* The records *
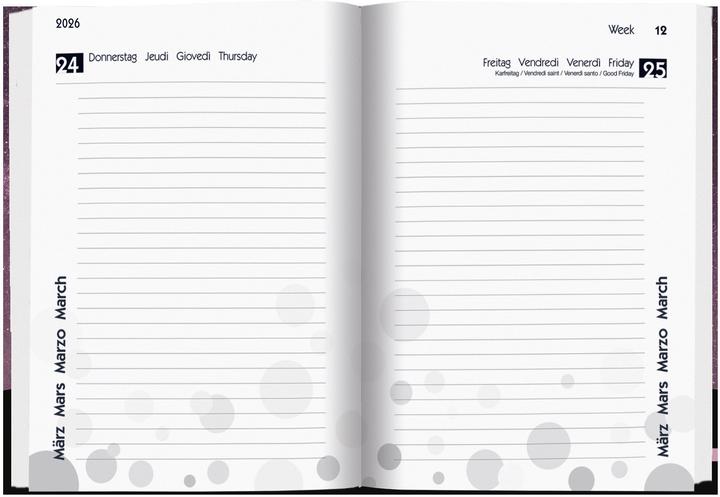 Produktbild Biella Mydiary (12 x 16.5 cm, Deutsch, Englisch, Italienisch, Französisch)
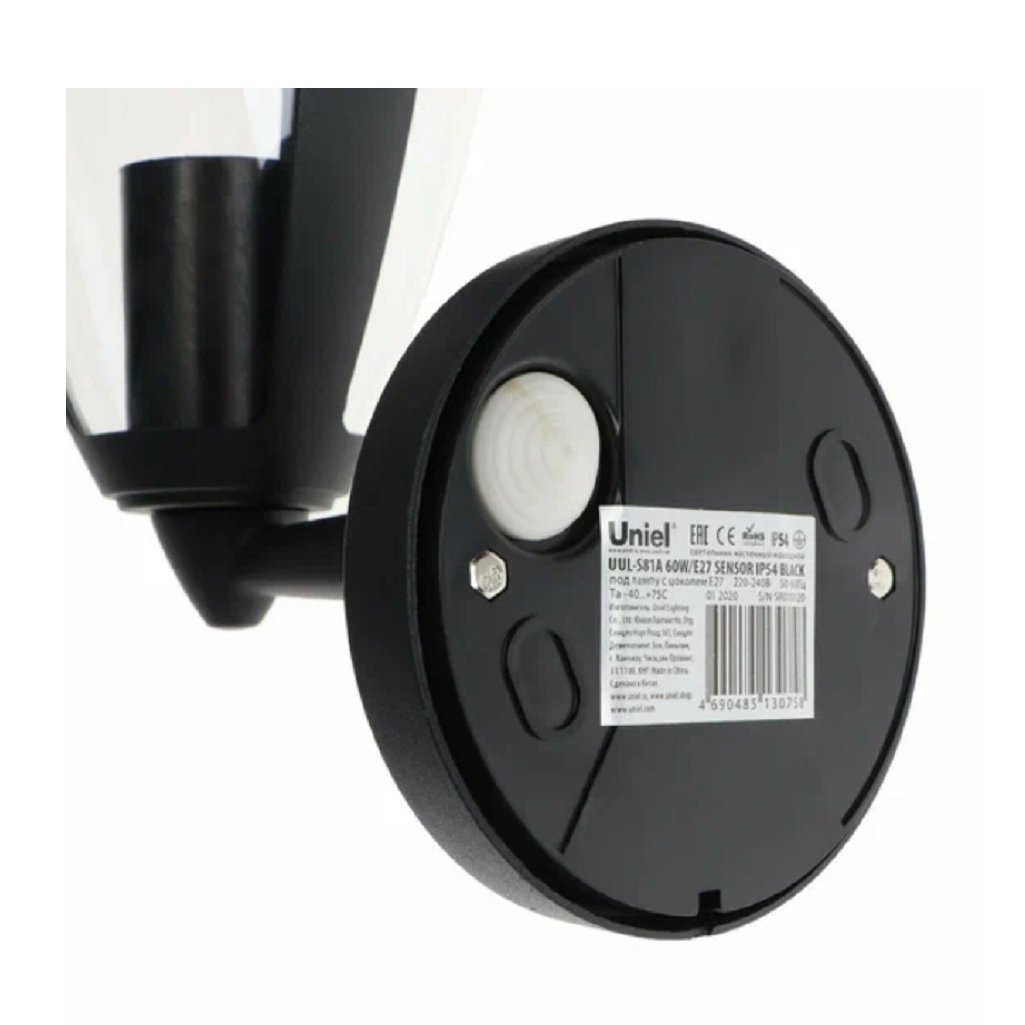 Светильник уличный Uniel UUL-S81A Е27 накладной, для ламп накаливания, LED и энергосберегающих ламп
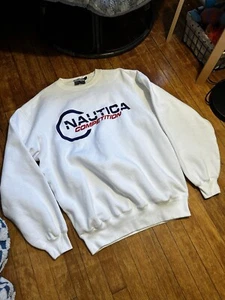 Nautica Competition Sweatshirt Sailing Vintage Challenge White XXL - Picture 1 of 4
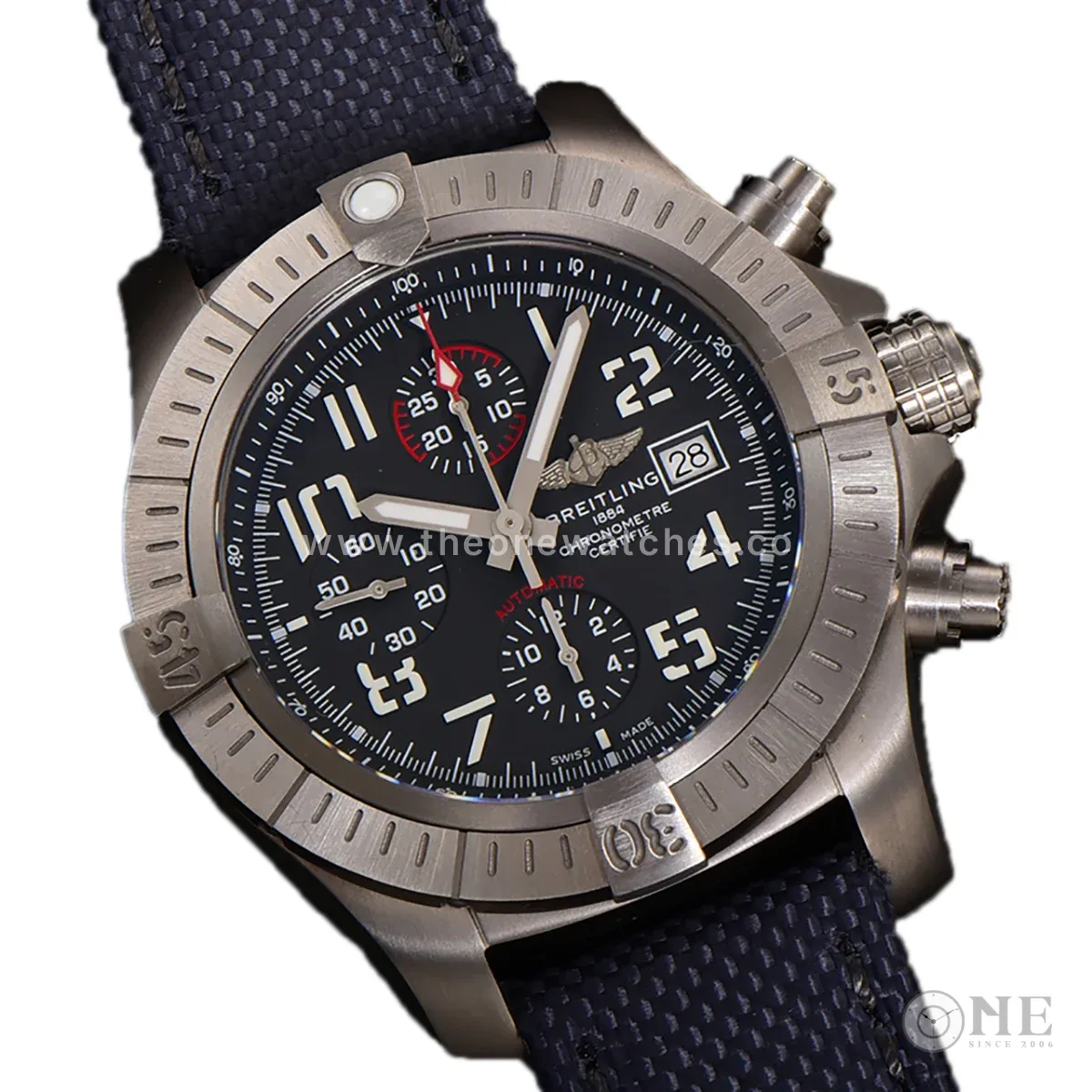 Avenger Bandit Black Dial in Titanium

---

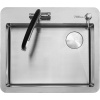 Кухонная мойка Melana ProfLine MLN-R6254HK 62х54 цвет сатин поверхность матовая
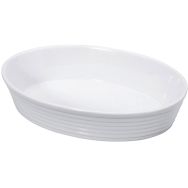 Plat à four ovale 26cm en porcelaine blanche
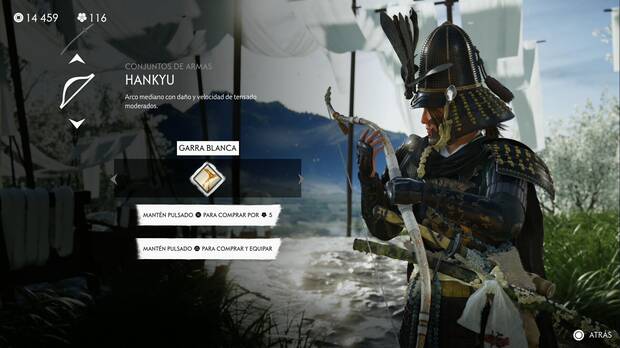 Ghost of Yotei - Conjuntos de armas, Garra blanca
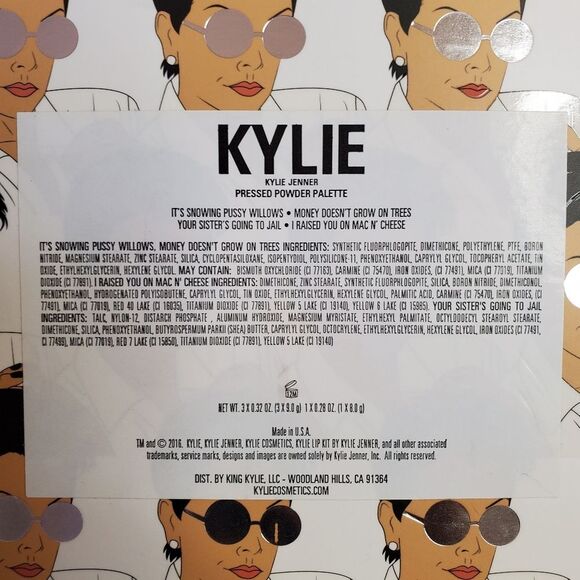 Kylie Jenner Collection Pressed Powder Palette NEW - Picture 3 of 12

* Problem to solve *
Return only the part above that opens with the line containing "Produktbild Biella Mydiary" and closes with the line containing "Avenger Bandit Black Dial in Titanium", exactly and with both ends, skipping the pictures.

* Solved problem *
 Produktbild Biella Mydiary (12 x 16.5 cm, Deutsch, Englisch, Italienisch, Französisch)
 Светильник уличный Uniel UUL-S81A Е27 накладной, для ламп накаливания, LED и энергосберегающих ламп
 Nautica Competition Sweatshirt Sailing Vintage Challenge White XXL - Picture 1 of 4
 Avenger Bandit Black Dial in Titanium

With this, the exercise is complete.